RECORD EXTRACTS:
┄┄┄┄┄┄┄┄┄┄

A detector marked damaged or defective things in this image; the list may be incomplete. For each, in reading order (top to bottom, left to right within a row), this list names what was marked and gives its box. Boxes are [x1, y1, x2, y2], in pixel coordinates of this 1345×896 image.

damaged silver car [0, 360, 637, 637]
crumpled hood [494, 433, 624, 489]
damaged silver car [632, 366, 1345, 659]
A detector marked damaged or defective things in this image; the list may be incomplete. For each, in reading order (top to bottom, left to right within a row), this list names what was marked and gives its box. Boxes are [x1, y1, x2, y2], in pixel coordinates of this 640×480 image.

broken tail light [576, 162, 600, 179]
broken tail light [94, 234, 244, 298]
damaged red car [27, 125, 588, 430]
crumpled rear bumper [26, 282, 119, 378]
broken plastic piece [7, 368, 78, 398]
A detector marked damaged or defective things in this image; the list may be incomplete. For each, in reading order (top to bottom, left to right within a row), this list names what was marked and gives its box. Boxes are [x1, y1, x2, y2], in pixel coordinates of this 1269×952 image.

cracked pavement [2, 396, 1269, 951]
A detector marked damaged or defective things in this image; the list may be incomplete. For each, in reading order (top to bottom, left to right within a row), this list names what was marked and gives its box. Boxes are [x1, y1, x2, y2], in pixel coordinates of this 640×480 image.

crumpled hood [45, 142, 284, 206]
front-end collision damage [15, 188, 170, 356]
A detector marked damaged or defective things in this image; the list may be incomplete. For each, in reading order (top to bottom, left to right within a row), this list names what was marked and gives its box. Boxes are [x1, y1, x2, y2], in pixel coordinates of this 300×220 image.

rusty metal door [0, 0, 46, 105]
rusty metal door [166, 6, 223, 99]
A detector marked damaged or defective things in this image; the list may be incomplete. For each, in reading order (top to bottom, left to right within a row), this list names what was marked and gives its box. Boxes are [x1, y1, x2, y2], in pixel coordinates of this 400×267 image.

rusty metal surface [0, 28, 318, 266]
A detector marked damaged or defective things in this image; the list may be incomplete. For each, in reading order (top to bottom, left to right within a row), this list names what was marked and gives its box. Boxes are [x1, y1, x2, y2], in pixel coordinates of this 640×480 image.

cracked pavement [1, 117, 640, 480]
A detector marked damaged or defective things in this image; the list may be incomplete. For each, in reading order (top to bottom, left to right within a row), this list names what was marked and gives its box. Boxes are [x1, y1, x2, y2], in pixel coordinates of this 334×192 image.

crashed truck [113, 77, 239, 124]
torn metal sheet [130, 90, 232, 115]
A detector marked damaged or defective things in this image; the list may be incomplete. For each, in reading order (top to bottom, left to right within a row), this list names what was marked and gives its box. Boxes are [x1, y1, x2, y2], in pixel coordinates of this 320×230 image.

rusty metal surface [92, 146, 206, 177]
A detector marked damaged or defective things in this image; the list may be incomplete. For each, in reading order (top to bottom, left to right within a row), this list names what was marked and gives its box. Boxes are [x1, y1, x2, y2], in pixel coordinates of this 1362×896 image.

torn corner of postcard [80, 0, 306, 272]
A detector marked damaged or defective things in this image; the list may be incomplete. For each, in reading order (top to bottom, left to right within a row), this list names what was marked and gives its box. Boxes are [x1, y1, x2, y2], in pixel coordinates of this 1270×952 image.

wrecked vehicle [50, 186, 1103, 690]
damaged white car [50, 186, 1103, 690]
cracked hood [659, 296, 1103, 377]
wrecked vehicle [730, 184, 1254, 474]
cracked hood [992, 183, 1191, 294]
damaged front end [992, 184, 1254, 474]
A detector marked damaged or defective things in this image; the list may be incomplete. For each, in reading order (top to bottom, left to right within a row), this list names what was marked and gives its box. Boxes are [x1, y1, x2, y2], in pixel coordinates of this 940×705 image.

┄┄┄┄┄┄┄┄┄┄

ASSIGNMENT:
Could you print the lines of the records above from the one containing "this 320×230 image." through the last, exactly and with no additions?

TASK OUTPUT:
A detector marked damaged or defective things in this image; the list may be incomplete. For each, in reading order (top to bottom, left to right within a row), this list names what was marked and gives its box. Boxes are [x1, y1, x2, y2], in pixel coordinates of this 320×230 image.

rusty metal surface [92, 146, 206, 177]
A detector marked damaged or defective things in this image; the list may be incomplete. For each, in reading order (top to bottom, left to right within a row), this list names what was marked and gives its box. Boxes are [x1, y1, x2, y2], in pixel coordinates of this 1362×896 image.

torn corner of postcard [80, 0, 306, 272]
A detector marked damaged or defective things in this image; the list may be incomplete. For each, in reading order (top to bottom, left to right within a row), this list names what was marked and gives its box. Boxes are [x1, y1, x2, y2], in pixel coordinates of this 1270×952 image.

wrecked vehicle [50, 186, 1103, 690]
damaged white car [50, 186, 1103, 690]
cracked hood [659, 296, 1103, 377]
wrecked vehicle [730, 184, 1254, 474]
cracked hood [992, 183, 1191, 294]
damaged front end [992, 184, 1254, 474]
A detector marked damaged or defective things in this image; the list may be incomplete. For each, in reading order (top to bottom, left to right within a row), this list names what was marked and gives its box. Boxes are [x1, y1, x2, y2], in pixel coordinates of this 940×705 image.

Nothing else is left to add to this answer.